Work task: The entries follow. Copy every line in which "instant" appears.

Entries supplied:
****
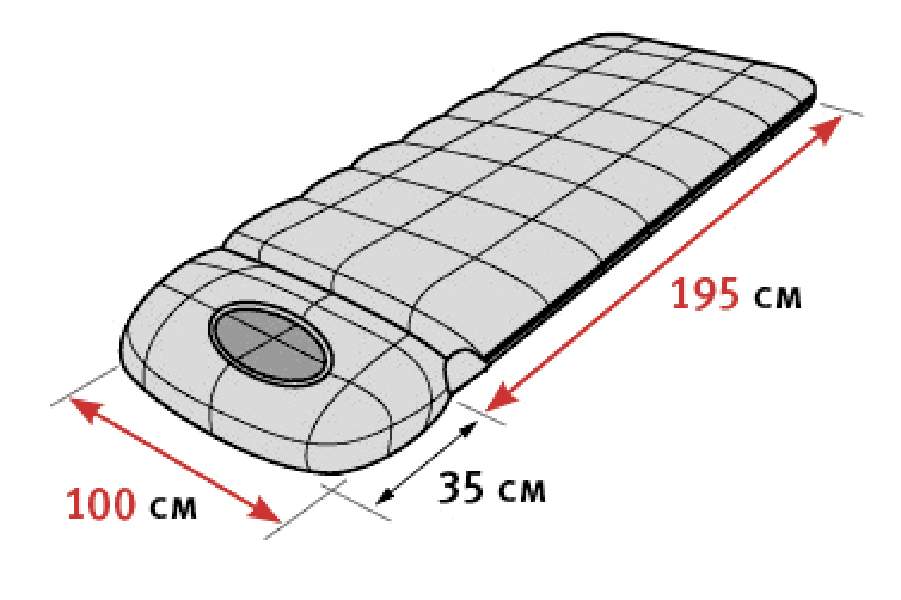 спальник размеры. Vivid 300 спальный мешок габариты. спальный мешок soft light t +20. Vivid 300 спальный мешок. спальный мешок размеры.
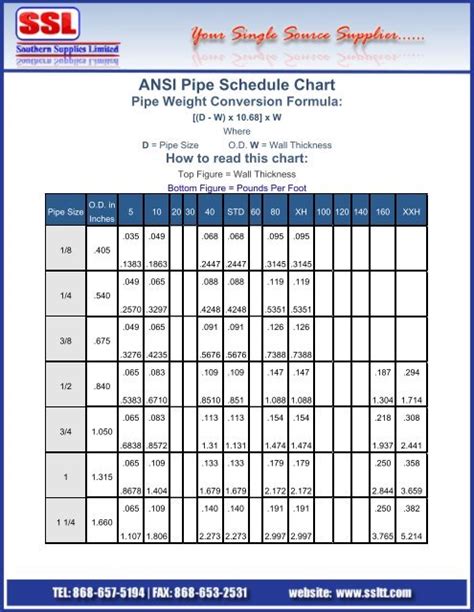 Astm Pipe Schedule Chart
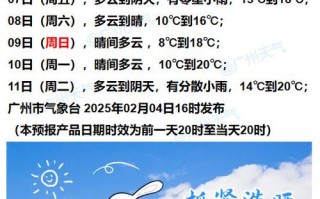 高邮天气预报7天,精准气象数据-出行指南全解析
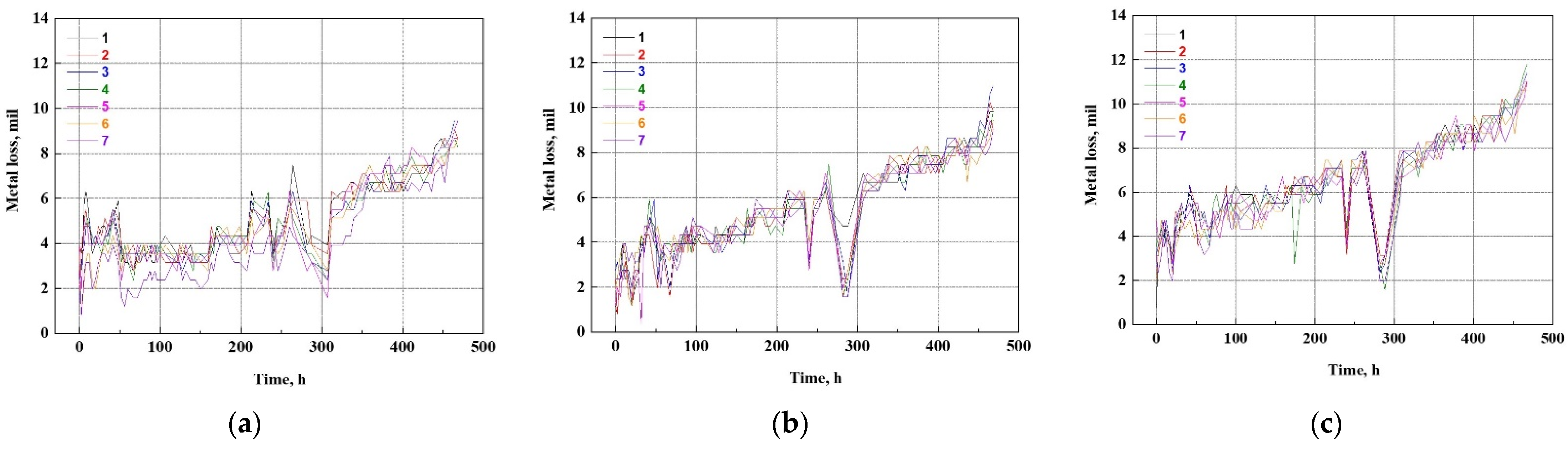 Sensors 22 07562 g022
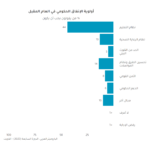 كيف لنا أن نفهم انتخابات يونيو/حزيران 2023 في الكويت؟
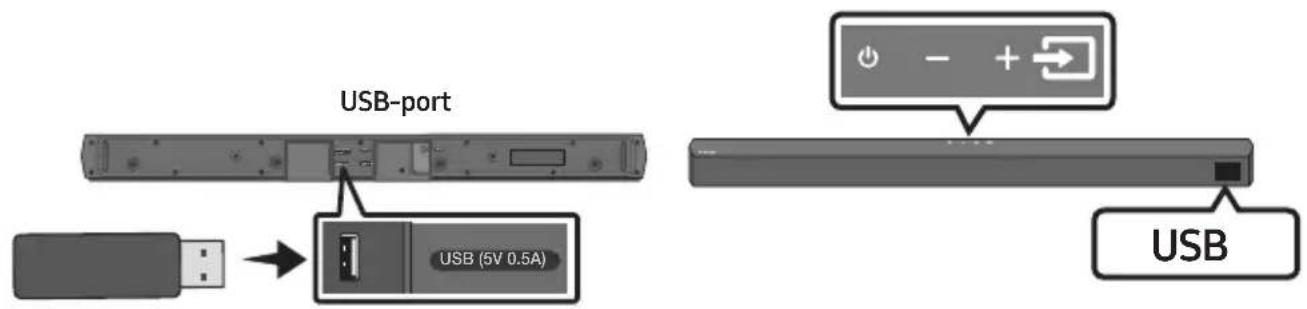 USB-port USB (5V 0.5A) USB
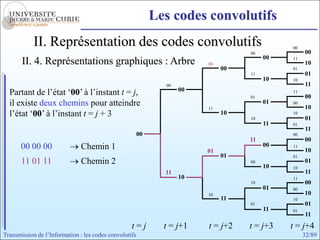 Les codes convolutifs
            II. Représentation des codes convolutifs                                         00
                                                                                   00             00
                                                                                        00
       II. 4. Représentations graphiques : Arbre                         00
                                                                                             11
                                                                                                  10
                                                                              00             01
                                                                                   11             01
                                                                                        10   10
                                                               00                                 11
  Partant de l’état ‘00’ à l’instant t = j,                         00
                                                                                   01
                                                                                             11
                                                                                                  00
  il existe deux chemins pour atteindre                                  11
                                                                                        01   00
                                                                                                  10
  l’état ‘00’ à l’instant t = j + 3                                           10
                                                                                   10
                                                                                             10
                                                                                                  01
                                                                                        11   01
                                                                                                  11
                                                        00                                   00
                                                                                   11             00
       00 00 00                Chemin 1                                                 00   11
                                                                         01                       10
                                                                              01             01
       11 01 11                Chemin 2                                            00             01
                                                                                        10   10
                                                               11                                 11
                                                                    10                       11
                                                                                   10             00
                                                                                        01   00
                                                                         10                       10
                                                                              11             10
                                                                                   01             01
                                                                                        11   01
                                                                                                  11
                                                   t=j         t = j+1   t = j+2   t = j+3   t = j+4
Transmission de l’Information : les codes convolutifs                                             32/89
 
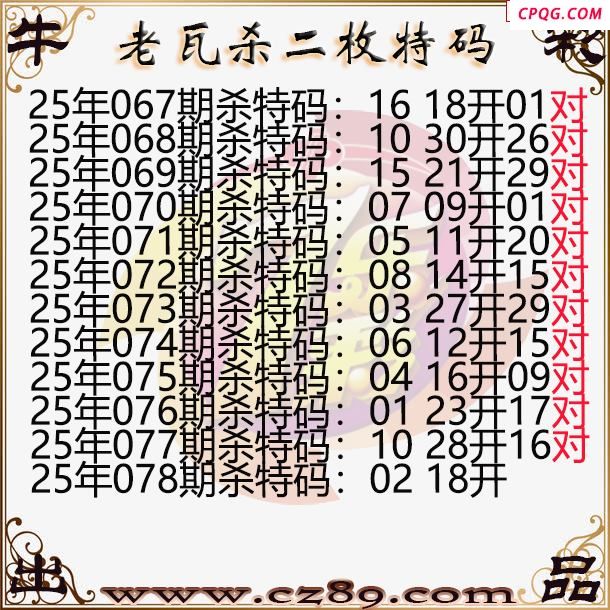 七乐彩2025078期老瓦杀特码图谜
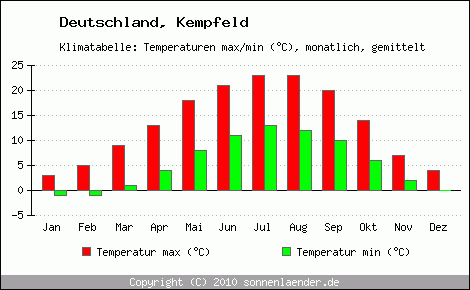 Klimadiagramm Kempfeld, Temperatur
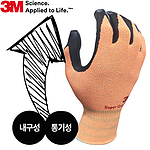 NBR 폼 코팅 장갑 (Super Grip 200 ORANGE)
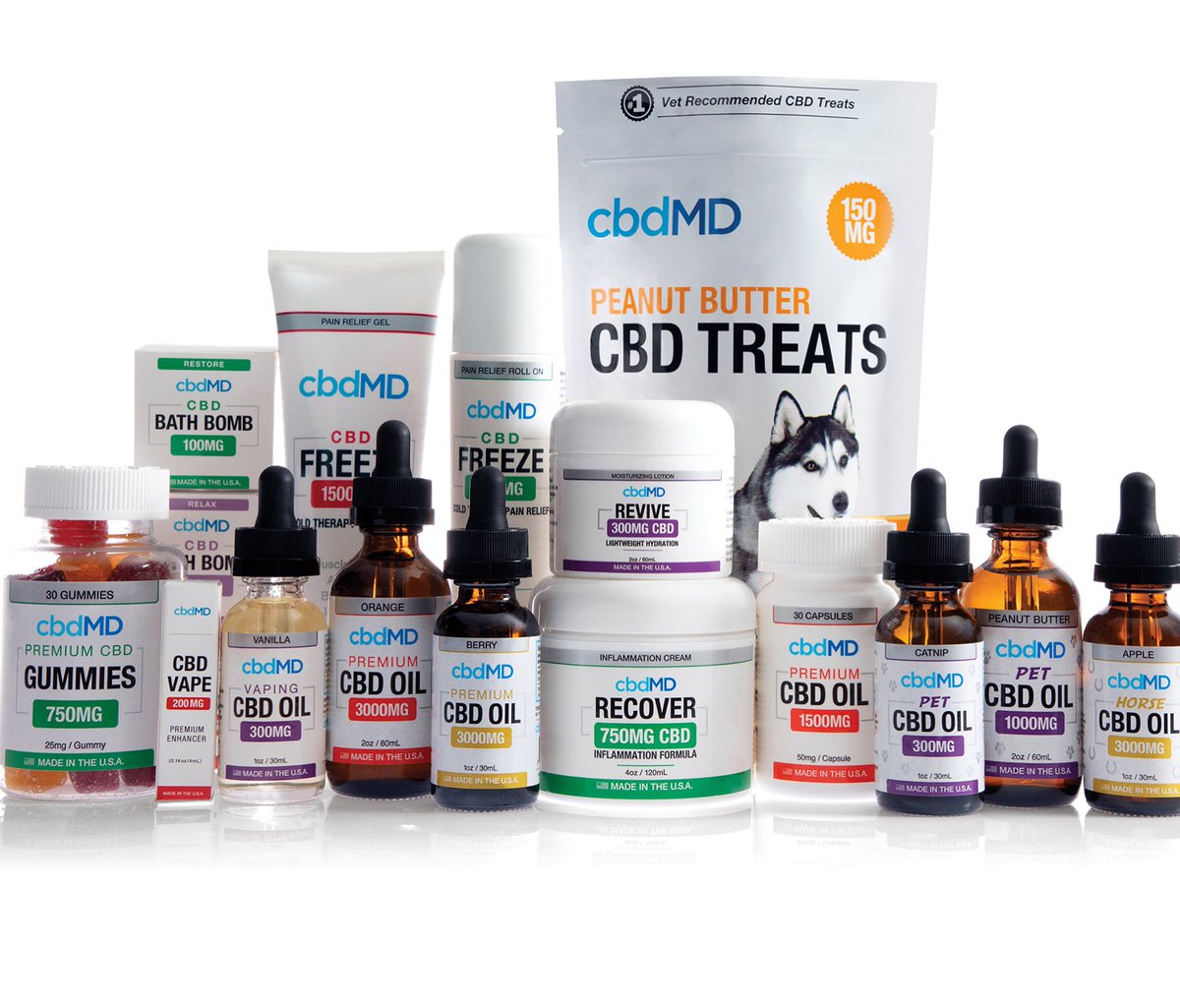 “Whether proactive or retroactive, take control of your health &amp; demand only the best. You have 1 body. Treat it right. With products meticulously cared for from seed to shelf, we care.” <a href="/cbdmd_usa/">cbdMD</a>
This quote applies to all living beings-that’s why we have a pet line too!
🐶🐴☺️
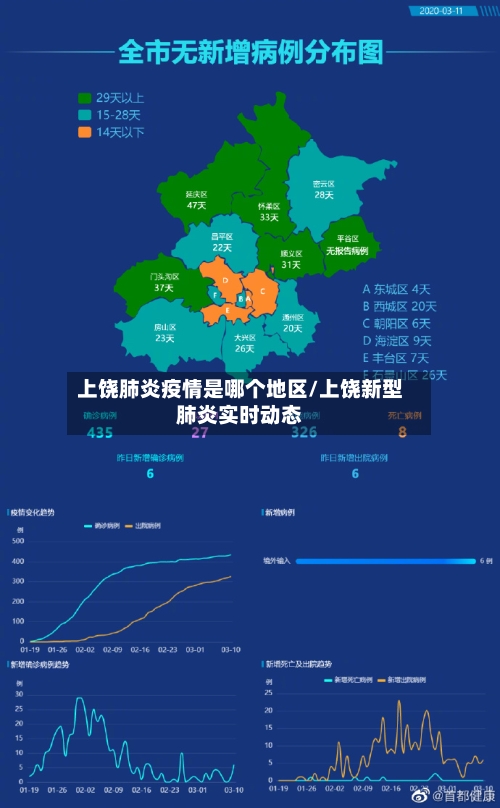 上饶肺炎疫情是哪个地区/上饶新型肺炎实时动态-第3张图片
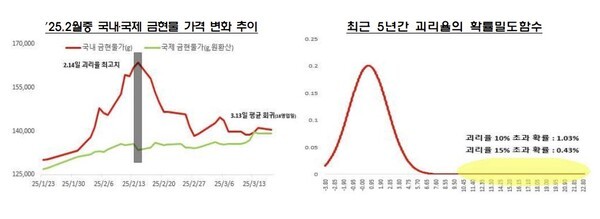 [출처=금융감독원]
****
Answer for this exercise:
  Partant de l’état ‘00’ à l’instant t = j,                         00
  l’état ‘00’ à l’instant t = j + 3                                           10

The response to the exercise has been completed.